Defect, anomali...and perspective

3 Februari 2015

On 17.07 by anya-(aydwprdnya)   No comments
Akhir-akhir ini aku sering kehilangan alat tulis (pulpen, bolpoin, dan sebangsanya). Ini menyebalkan karena keseharianku sekarang menjadikan alat tulis sebagai barang konsumsi primer, yang bahkan kadang lebih primer dari sarapan. Ok, harus mengaku kalau kadang aku juga sesuka hati menggunakan pulpen di atas meja atau  di dalam laci yang mungkin secara tidak sengaja tertinggal oleh pemilik lamanya (ada banyak hal lain untuk diingat saat jam pulang tiba selain memastikan pulpen di saku jas). Bagaimanapun, walau murni kelalaian pribadi, kehilangan pulpen (berkali-kali) bisa jadi sangat sangat menyebalkan.

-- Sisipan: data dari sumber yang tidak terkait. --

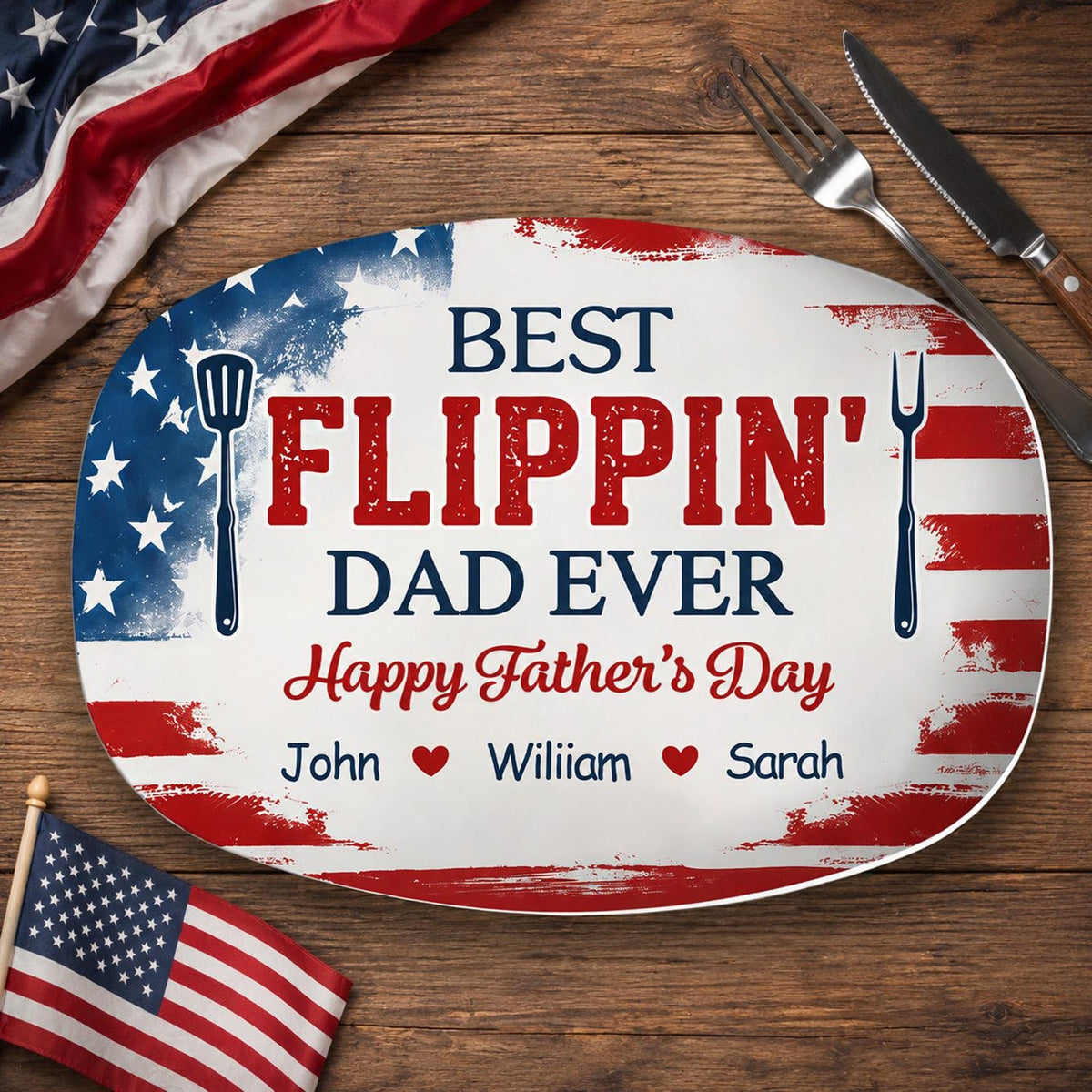 Best Flippin' Dad Ever-Personalized Best Flippin Dad Ever Grilling Plate,Custom American Flag BBQ Platter Kids Names,Patriotic Father's Day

Dan..bukan itu cerita hari ini.
Kehilangan pulpen, dan kekesalan hati yang agak dipaksakan itu hanya co-kausa dari cerita yang sesungguhnya.

Kebutuhan akan alat tulis membuatku memutuskan untuk membeli paling tidak selusin (atau menyesuaikan dengan budget) pulpen di salah satu toko alat tulis ternama di Waturenggong, tempat cerita ini berawal. Pada umumnya tata ruang toko alat tulis dan perkantoran, bagian pulpen beraneka ragam akan berdampingan dengan pensil, penghapus, tip-X, dan kawan-kawannya. Aku baru menemukan tiga dari 12 pulpen yang berencana aku beli, masih di menit keempat aku menjajah sudut alat tulis. Tiba-tiba seorang pria, mengajukan pertanyaan padaku, "Mbak, penghapus yang bagus yang mana ya?" 
[PAUSE]

What are the points?
1. Jelas si pria ini adalah customer, dari pakaian yang digunakan. Jadi simpulan dininya, pertanyaan tadi bukan pertanyaan jebakan berhadiah.
2. Tidak ada orang yang siap dengan pertanyaan semacam itu di konter alat tulis. Paling tidak tanyakanlah tentang produk yang dijual ke mbak dan mas penjaga berseragam oranye.
3. Jangan-jangan tampilanku serupa penjaga toko (padahal aku mengenakan polo-shirt warna magenta)
4. He's HOT (oke, abaikan poin 4)

[PLAY]
Percakapan berlanjut.
Aku : "Hm..kalau saya biasa pakai yang ini, Pak" sambil nunjuk penghapus Fab*r Cast**e warna abu. 
Hot Man: "Bagus ya? Ini buat anak saya, mereka mau ujian, nyari penghapus yang nggak bekas kalau dipake"
Aku: (agak cengok) Iya..bagus kok, bagus (Maunya aku sambung, buktinya saya lulus-lulus aja tiap ujian blok di kampus, tapi aku urungkan).
Hot Man: "Oh ya, terimakasih ya". Kemudian berlalu sambil mengambil dua penghapus yang aku rekomendasikan.

[PAUSE]
I've added more points
5. Pria ini bapak beranak dua (at least)
6, He's SUPER HOT. Oh, come on, bapak yang membelikan anaknya penghapus dan sempat-sempatnya menelusuri kelayakan dan kualitas penghapusnya is super hot, right? (oke, abaikan lagi nomor 6)

[PLAY]
Acara pemilihan pulpen aku percepat, hingga aku berakhir depan kasir, Dengan lima biji pulpen, mengantri tepat dibelakang that-hot-daddy-guy. Yang terjadi selanjutnya, plot twist. Tiba-tiba that-hot-daddy-guy keluar dari antrian, pergi kurang dari satu menit dan kembali mengisi tempat kosong yang ditinggalkannya tadi, tepat di depanku. Saat gilirannya membayar, aku baru sadar bahwa yang ia lakukan selama kurang dari satu menit tadi adalah kembali ke pojok alat tulis dan menukar dua biji penghapus (yang aku sarankan) dengan dua biji penghapus lain dari merk yang berbeda dan warna yang berbeda. I felt something in my chest. 

Whoo...sahhh
1. THAT WAS NOT A BIG DEAL.
2. I WOULD FORGET BECAUSE I WAS IN HURRY.
3. I WOULD FORGIVE BECAUSE HE IS HOT. (Hey! What's with capslock?)

* * *

Seberapa sering kita meminta pendapat orang lain, bukan karena kita perlu meminta, melainkan demi membuktikan bahwa kita benar dan orang lain lebih salah?